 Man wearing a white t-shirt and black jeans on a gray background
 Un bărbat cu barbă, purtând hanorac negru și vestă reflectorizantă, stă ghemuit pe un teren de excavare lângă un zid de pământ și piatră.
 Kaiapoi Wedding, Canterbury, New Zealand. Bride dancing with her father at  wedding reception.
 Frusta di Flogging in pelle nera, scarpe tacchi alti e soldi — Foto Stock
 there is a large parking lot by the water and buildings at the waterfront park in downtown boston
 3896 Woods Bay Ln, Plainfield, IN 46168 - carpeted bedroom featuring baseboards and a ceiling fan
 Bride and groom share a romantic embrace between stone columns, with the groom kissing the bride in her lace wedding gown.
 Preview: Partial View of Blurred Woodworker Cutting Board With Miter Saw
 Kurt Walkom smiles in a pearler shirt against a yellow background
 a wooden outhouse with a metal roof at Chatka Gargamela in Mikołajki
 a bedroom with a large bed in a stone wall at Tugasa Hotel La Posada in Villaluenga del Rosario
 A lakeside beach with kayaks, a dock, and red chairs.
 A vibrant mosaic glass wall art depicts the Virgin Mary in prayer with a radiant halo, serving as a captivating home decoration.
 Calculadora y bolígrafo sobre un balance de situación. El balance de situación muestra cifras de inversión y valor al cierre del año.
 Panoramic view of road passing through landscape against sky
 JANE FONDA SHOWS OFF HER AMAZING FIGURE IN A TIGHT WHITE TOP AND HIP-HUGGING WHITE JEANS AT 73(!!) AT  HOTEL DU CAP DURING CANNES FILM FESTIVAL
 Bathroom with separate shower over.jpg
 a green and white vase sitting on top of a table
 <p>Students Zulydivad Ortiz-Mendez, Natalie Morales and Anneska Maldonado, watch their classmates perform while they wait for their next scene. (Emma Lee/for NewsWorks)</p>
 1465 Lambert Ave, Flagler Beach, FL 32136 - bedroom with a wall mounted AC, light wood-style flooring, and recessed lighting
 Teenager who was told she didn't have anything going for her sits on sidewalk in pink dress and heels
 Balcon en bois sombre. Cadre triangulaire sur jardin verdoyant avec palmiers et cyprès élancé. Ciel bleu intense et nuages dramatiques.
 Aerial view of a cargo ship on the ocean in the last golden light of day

══════════

> [WORK TO BE COMPLETED] Check the listing above for lines containing the string "Bride", and copy each one.

> [SOLUTION TO THIS TASK]
 Kaiapoi Wedding, Canterbury, New Zealand. Bride dancing with her father at  wedding reception.
 Bride and groom share a romantic embrace between stone columns, with the groom kissing the bride in her lace wedding gown.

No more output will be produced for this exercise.